Your LUN sizing will most often be dependent on the I/O characteristics you need for the device - IOps, disk throughput, etc. The number of VMs you can reasonably place on a VM will also be limited by those numbers. What I try to do when sizing my environments is figure out a baseline of peak (think worst-case application scenario here - what if all of the VMs' apps will be going nuts on the disk at the exact same time) IOps (that's usually the biggest disk bottleneck - physics are a pain here, as the head on a spindle can only be in one place at a time), figure out how many spindles I need to meet that. Once I know the number of spindles my LUN has to be spread across, I can look at the overall size of the datastore that I'll need. Keep in mind not only disk sizing here, but also whether or not VM snapshots will be put to use and for how long, and also keep in mind the memory being allocated to each of the VMs to plan for .vswp file sizing. Once I have sizing information, I can look at the device split size on my storage array, figure out how many splits I need to meet both the I/O and size requirements for the data store, and then create the LUN keeping in mind RAID overhead.
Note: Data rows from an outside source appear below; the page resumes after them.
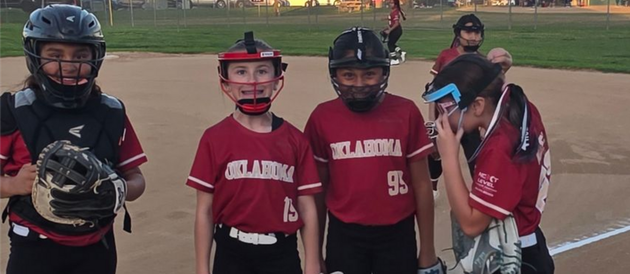 Baseball player sliding into home plate, catcher in front. Blue and gold uniforms, action shot.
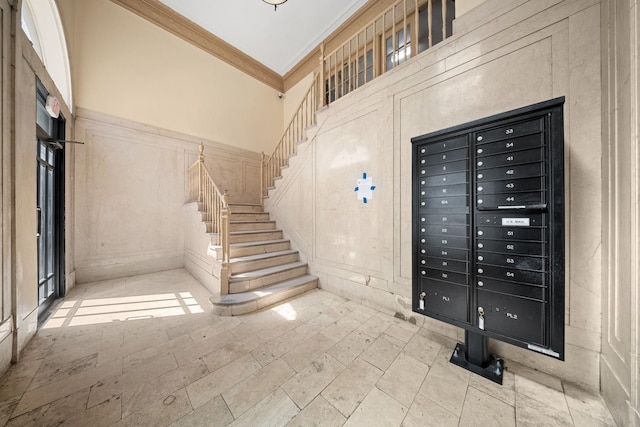 1001 Anderson Ave Unit 22, Bronx, NY 10452 - stairway with mail area, ornamental molding, a decorative wall, and a high ceiling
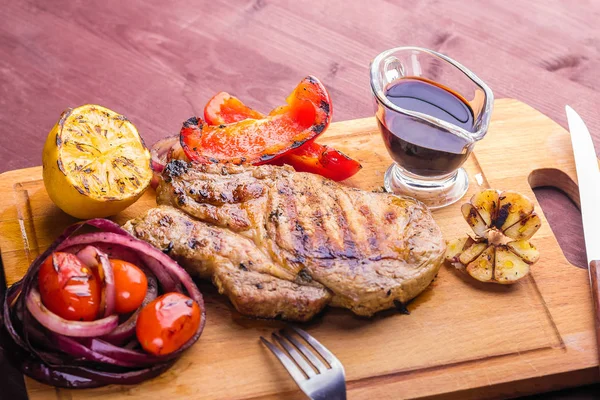 Carne de cerdo jugosa con una ramita de tomillo fresco, limón y verduras a la parrilla y salsa servida en una tabla de madera — Foto de Stock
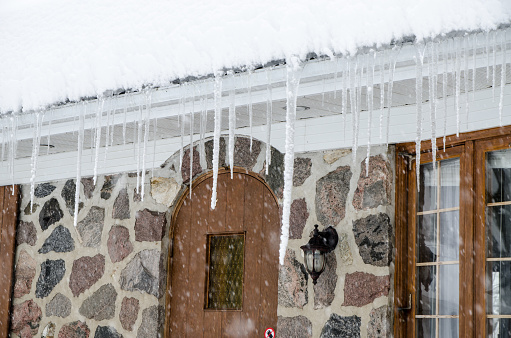 Icicle melting from house rooftop and hanging from gutter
A rule of thumb I still use is 1 physical spindle provides me with ~150 IOps to work with. That number is very conservative (and frankly a bit old, but I haven't looked at disk in too much depth in the past 3 years). Also keep in mind that your LUNs will be sharing spindles (and therefore, sharing IOps) with other LUNs, so other activity on the storage array needs to be taken into account during the design process as well.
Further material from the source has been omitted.